Thursday, July 27, 2006
What is Art?
Our ‘conscious’ selves are only a part of who we are. The unconscious is programmed by what we sense and perceive and it can be programmed intentionally by our conscious mind…it then runs most of our lives. The unconscious will assert itself when it’s ignored or repressed. It manifests itself in our dreams, in our language and in our movements. But perhaps it’s greatest manifestation is in our art.
The art of a civilization is often all that remains when it’s people are gone. Their art can tell us what was important to them, what they valued.
I’ve spent hours pondering the questions: ‘What is art?’ and ‘Why is it important to us?’ I have come to the conclusion that art expresses something in us that’s beyond our conscious mind, it's beyond logic. Sometimes it represents what we see, sometimes what we dream, and sometimes it represents the moments in between. Art can take the daily and mundane and uplift it to the eternal and the ideal. Art represents our inner self, pressing itself out. At its best, it is the evidence of our striving for perfection. Just like our conscious and unconscious minds together make us complete, I believe we need art to feel whole.
Art is what flows out of us when we’ve wrestled with ourselves to understand something. When an artist feels love, pain, beauty, redemption, or any of the feelings common to man, in coming to understand what those feelings are, and if he or she has the tools, the answer can flow out of their unconscious in color or form, music or movement.
It takes a great deal of discipline to let something flow, unobstructed, out of you. It takes mastery. Some people take shortcuts, thinking they’re doing the same thing because it looks or sounds the same. To the untrained eye or ear they can appear similar, but they’re not… Anyone can scribble ink on a page, throw globs of mud together, squirt paint on a canvas, bang the keys of a piano, or move to music. But to truly be an artist takes discipline. After learning the skills and techniques of past masters to the point where they become a part of us, we can let them go and let our unconscious use them to express what we feel. Our creative impulse needs the tools to express itself just like we need language to communicate. To simply grunt and hope to be understood isn’t the same as having the tools of language at our command. Like language, the goal of art is to communicate what an artist sees or feels to others.

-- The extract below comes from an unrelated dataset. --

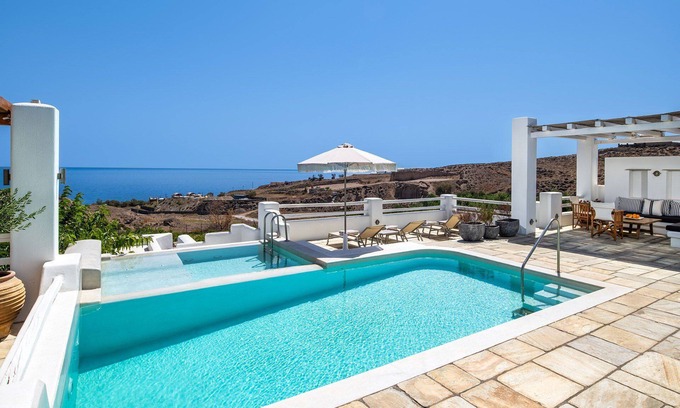 Kamari Villa | My Rental Homes - Villa Tramountana with pool and large outdoor spaces with BBQ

Art isn’t just one thing, it's many. There is a kind of art even in a daily routine. There is beauty even in the mundane. But it is the the art that transcends the daily and mundane that I'm speaking of...great art. Great art is beautiful and uplifting. Great art has a timeless quality, one that can be sensed centuries after it's produced. It comes from within us and helps us to understand something about ourselves and each other. Great art can be figurative or it can be abstract.
I didn’t used to like abstract visual art. I thought it was just, random meaningless shapes and colors thrown together. I didn’t see any logic or skill in it. Then I walked into a Mark Rothko exhibition. I had never heard of him and, had someone described his work to me, would not have expected to be impressed. Would I have been so wrong! Rothko found a way to use color without form to express emotion and he did it in such a way that a very deep part of me ‘gets it’.

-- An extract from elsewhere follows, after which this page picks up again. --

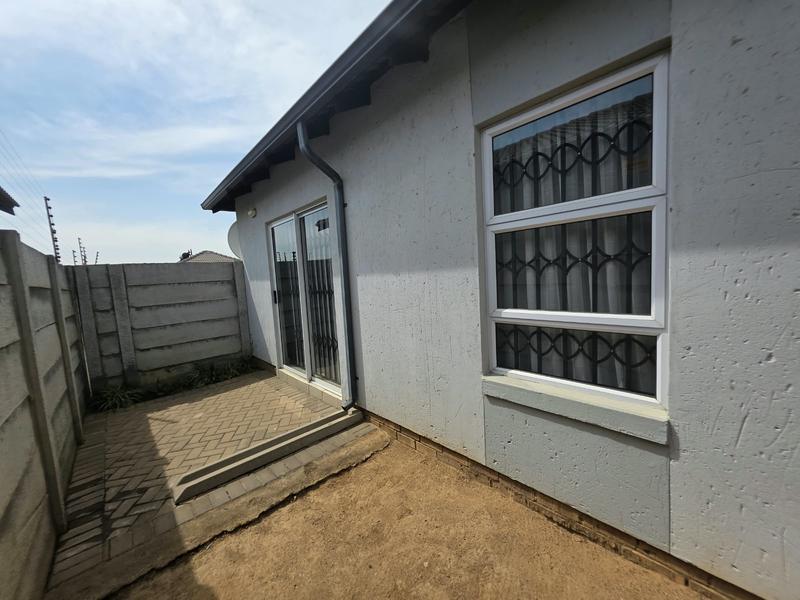 3 Bedroom Property for Sale in Crystal Park Gauteng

While I believe that much, maybe even most abstract art, is produced by artists with no discipline, I have found in the last few years that some of it is the essence of discipline. I’ve come to love some of it. It occurs to me that, while it doesn’t necessarily represent something in my logical, conscious mind, it seems to be more akin to what goes on in my unconscious mind. Those images that float across the screen when nothing else is in focus. They represent being at ease, being comfortable, to me. I’ve decided they don’t have to make any logical sense, they just have to be allowed to ‘be’ a part of me.
We, human beings often hear several inner voices. Those that we ignore will just get louder until they’re heard. Those that are allowed to express themselves can be uplifting in many ways. They can help us to come to inner peace. If we listen to ourselves and to each other we can all be uplifted. Art can be one such voice…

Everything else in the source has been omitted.